These are the key concepts you need to understand to accurately answer the question.

Moment of Inertia
The moment of inertia is a measure of how much an object resists changes in its rotation.Think of it as the rotational equivalent of mass for linear motion.
For a uniform solid cylinder, such as our gymnastic tumbler, the moment of inertia is calculated using the formula:
  • \( I = \frac{1}{2} m r^2 \)
Here:
  • \( m \) is the mass, which in this case, is 75 kg.
  • \( r \) represents the radius. Given a diameter of 1.0 m, the radius \( r \) becomes 0.5 m.

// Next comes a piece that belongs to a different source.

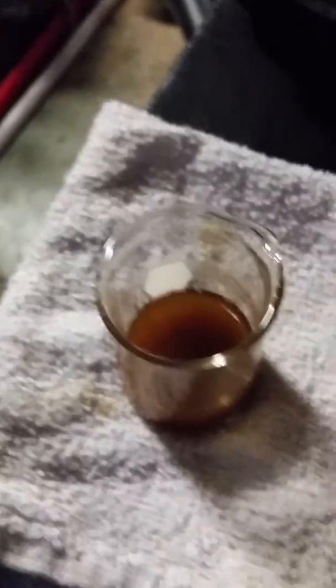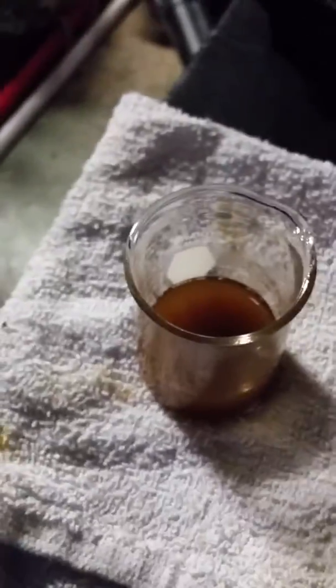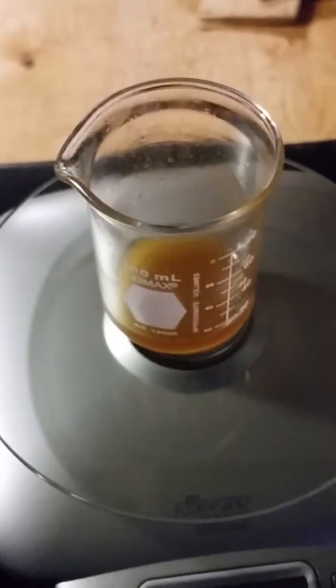Because the method calls for clean oil to test, I heat up my grease on a hot plate and let it sit for a while. Once it's good and hot, the water and fines go to the bottom. Then I put 7 grams of grease in this jar.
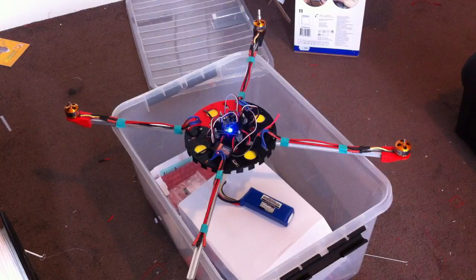I've got no propellers added at the moment because I'm not crazy. Bye bye.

Substituting these values into the formula, we calculate:
  • \( I = \frac{1}{2} \times 75 \times 0.5^2 = 9.375 \) kg\( \cdot \)m\(^2\)
This value of moment of inertia tells us how much rotational force is needed for the tumble to spin about its axis.
Angular Velocity
Angular velocity describes how fast an object is rotating. In simple terms, it shows how much angle is covered per unit time.
In the exercise for the gymnastics tumbler, he rolls at a speed of 0.50 revolutions per second. But to use this value in calculations, we need to express it in radians per second because 1 revolution equals \( 2\pi \) radians.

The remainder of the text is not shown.